Without any special treatment, this would generate the following message-passing code:

a_uses_F[0] = new Gaussian[N];
a_uses_B[0] = new Gaussian[N];
for(int j = 0; j < M; j++) {
  a_uses_B[0][b[j]] = op( a_uses_F[0][b[j]] );
}

To decide if this code is correct, consider the following cases:

If b is a permutation, then the message-passing code is correct as it is. If b is a subarray, and a_uses_B[0] is initialized to uniform, then the code does produce the correct posterior distribution for a, but it has two other problems:

  1. The evidence for the model will be wrong because the evidence contribution of ‘a’ will add up all N elements of a_uses_B[0], including the uniform ones, while it should only add the M elements that were actually given a message.
  2. Memory is wasted since a_uses_B[0] allocates memory for N elements while only M elements are used.

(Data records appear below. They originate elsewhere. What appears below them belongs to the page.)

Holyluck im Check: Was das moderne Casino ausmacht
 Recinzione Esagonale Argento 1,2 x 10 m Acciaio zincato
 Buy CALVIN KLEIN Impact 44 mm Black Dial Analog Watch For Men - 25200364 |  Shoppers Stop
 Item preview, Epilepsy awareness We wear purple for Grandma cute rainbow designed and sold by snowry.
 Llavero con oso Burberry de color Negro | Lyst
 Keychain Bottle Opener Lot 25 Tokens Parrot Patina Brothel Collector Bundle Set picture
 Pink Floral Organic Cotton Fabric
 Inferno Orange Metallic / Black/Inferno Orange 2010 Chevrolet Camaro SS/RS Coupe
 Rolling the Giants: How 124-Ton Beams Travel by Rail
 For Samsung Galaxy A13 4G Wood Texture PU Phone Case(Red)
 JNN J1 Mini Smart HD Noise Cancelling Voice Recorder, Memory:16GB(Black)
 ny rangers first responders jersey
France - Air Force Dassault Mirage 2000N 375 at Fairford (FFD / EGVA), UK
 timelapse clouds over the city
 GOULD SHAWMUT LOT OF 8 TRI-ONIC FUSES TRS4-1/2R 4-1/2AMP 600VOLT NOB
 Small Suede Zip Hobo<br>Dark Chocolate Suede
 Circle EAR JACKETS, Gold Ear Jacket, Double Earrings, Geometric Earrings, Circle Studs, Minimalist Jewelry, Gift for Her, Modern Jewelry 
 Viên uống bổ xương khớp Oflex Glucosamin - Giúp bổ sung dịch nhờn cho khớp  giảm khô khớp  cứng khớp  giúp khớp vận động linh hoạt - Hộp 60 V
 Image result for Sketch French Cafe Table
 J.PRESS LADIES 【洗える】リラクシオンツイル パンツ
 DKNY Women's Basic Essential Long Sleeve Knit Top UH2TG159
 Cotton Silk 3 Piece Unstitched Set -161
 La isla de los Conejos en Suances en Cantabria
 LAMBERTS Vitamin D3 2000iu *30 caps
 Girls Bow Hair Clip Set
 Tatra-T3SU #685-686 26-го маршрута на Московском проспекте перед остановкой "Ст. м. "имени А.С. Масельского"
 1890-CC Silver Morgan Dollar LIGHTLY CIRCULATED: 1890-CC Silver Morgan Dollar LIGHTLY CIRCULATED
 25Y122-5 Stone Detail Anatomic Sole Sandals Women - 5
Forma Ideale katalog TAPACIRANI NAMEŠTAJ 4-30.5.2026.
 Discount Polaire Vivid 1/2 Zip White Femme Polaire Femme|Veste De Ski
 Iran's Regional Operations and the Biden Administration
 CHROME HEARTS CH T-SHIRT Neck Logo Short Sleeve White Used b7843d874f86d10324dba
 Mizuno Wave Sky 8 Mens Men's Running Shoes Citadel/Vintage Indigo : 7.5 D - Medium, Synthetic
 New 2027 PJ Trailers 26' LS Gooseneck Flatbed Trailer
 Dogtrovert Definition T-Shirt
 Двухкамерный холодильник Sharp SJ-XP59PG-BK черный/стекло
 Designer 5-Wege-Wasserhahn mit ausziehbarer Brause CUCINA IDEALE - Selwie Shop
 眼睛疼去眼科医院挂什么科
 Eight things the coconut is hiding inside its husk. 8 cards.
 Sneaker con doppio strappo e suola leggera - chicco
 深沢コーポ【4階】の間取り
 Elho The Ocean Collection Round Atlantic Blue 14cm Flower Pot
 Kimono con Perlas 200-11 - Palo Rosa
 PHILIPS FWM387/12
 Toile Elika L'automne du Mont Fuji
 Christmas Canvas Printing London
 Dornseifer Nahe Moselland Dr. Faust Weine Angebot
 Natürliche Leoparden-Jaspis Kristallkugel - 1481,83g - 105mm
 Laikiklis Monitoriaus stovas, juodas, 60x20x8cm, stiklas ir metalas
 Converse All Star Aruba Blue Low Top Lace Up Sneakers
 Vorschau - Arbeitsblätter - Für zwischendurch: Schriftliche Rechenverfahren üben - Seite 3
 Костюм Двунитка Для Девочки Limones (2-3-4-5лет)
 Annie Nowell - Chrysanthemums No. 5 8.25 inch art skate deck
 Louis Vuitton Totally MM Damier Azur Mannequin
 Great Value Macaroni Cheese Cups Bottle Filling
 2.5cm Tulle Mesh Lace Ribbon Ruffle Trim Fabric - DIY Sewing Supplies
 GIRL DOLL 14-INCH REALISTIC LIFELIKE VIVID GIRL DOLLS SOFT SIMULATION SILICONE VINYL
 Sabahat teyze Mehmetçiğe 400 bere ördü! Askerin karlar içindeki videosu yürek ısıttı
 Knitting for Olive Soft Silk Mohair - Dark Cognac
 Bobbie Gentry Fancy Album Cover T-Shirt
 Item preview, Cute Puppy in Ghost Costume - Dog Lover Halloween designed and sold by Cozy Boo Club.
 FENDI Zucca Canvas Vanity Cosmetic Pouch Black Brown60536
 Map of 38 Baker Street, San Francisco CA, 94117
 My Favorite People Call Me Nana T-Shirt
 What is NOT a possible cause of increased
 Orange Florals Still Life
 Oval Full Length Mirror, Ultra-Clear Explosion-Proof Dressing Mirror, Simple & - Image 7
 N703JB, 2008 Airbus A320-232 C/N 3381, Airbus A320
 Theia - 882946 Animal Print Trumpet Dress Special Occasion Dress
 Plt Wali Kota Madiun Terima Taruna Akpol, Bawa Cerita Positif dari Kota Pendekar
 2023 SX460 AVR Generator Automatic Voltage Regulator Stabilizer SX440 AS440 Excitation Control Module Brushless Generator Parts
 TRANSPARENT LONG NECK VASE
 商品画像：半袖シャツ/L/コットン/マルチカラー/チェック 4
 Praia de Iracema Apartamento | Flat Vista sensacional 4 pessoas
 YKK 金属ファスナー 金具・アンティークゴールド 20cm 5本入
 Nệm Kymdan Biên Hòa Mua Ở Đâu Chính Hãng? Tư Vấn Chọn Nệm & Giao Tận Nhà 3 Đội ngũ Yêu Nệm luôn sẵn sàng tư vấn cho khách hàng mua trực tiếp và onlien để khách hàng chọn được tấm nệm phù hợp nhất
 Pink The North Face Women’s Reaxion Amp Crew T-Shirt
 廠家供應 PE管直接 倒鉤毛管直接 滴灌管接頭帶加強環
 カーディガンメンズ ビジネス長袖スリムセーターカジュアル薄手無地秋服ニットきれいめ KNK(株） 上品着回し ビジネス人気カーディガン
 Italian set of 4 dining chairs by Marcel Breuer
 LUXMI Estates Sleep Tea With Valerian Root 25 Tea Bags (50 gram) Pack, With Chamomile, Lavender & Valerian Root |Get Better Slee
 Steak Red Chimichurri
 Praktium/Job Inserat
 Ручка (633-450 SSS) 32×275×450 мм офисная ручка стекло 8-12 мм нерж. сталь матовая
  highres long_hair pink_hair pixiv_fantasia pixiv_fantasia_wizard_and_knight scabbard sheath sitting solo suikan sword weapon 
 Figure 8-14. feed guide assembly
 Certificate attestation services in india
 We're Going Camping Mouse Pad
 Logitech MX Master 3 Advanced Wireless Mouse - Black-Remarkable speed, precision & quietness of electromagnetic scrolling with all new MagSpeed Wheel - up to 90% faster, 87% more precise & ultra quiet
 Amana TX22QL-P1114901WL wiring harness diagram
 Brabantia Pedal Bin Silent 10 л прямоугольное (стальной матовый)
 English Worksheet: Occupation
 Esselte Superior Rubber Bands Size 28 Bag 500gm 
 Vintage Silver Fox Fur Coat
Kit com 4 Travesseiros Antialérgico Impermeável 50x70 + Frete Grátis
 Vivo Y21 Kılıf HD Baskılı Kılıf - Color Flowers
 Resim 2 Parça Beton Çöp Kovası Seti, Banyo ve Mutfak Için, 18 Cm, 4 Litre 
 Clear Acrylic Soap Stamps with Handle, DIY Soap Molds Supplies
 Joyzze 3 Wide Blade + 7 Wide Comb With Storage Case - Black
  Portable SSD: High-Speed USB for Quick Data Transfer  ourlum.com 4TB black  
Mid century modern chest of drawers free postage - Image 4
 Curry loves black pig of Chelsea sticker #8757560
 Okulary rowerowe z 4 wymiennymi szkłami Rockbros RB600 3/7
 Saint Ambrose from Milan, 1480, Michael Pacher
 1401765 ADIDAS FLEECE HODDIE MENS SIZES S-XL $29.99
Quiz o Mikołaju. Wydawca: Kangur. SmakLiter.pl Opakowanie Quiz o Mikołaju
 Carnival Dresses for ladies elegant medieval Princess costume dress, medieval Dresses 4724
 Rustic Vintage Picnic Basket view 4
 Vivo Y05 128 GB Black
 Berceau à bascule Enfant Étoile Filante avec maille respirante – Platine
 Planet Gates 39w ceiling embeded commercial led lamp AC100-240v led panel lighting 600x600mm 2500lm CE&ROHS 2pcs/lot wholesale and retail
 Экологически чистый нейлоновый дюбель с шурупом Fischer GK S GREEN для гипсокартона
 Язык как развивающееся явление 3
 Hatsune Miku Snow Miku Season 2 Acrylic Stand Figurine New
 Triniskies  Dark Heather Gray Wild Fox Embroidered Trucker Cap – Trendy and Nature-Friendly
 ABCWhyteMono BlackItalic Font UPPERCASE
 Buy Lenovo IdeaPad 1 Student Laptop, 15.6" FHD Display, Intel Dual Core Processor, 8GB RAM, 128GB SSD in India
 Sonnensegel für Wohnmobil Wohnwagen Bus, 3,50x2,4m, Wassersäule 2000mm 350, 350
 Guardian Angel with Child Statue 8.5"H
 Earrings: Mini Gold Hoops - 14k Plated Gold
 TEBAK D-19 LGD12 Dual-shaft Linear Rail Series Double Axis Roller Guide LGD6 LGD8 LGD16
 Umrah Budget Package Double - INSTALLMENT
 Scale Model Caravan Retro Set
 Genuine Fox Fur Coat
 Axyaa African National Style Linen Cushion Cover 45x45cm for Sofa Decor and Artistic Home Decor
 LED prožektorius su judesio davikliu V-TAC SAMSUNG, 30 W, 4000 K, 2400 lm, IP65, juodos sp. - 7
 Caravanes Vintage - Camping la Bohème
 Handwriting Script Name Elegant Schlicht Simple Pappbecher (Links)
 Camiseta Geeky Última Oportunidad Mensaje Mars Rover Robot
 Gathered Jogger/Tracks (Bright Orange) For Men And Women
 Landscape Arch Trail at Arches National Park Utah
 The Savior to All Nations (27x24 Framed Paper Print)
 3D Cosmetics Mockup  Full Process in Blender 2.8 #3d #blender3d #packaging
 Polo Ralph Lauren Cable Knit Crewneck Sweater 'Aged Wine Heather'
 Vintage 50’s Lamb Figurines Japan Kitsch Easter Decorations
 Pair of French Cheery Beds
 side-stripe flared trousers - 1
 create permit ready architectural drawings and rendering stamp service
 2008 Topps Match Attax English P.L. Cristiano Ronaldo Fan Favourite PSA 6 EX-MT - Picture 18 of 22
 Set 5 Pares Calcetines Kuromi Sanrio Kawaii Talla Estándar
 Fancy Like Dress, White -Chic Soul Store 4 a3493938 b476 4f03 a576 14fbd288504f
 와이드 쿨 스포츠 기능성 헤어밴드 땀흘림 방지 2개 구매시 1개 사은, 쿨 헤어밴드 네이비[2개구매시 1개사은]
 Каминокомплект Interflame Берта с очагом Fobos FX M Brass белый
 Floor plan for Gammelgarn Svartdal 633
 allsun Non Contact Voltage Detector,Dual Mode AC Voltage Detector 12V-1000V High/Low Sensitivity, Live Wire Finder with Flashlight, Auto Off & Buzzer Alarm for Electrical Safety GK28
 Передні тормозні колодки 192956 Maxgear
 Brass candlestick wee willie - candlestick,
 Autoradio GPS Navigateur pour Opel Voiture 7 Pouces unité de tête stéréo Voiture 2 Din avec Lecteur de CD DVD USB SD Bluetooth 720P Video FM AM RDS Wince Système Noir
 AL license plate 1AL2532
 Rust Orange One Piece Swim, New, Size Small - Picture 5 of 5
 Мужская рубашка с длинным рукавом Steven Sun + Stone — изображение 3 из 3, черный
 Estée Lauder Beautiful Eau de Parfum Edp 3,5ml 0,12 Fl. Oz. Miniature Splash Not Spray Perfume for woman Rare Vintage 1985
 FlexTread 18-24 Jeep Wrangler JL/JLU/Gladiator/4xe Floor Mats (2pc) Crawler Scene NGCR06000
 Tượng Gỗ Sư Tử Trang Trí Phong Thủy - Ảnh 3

If b is duplicated, then the code has two additional problems:

  1. Messages with the same b[j] will overwrite each other in the a_uses_B[0] array. Instead they should be multiplied together (and the resulting scale factor added to the evidence).
  2. For EP, the message from ‘a’ to the factor should multiply in the other messages received by the factor for the same array element. For example, suppose b[j]=0 for all j. Then a[0] is being used M times, and will receive M messages. The message from a[0] to a factor instance should include all the other M-1 messages.

Current implementation

Currently, the subarray case is handled by inserting an intermediate factor Factor.Subarray. This factor doesn’t change any of the messages but simply provides a correction to the evidence based on the lengths M and N. This factor is inserted even for permutations, where it provides no evidence correction. The code above is transformed into:

double[] a_b = new double[M];
a_b = Factor.Subarray(a, b);
for(int j = 0; j < M; j++) {
  Constrain.Positive(a_b[j]);
}

The duplicated case is handled by inserting an intermediate factor Factor.GetItems, in place of Factor.Subarray. This factor takes care of multiplying the messages for duplicate indices, in both directions. It is currently implemented using an O(N+M) algorithm but it could be changed to run in O(M).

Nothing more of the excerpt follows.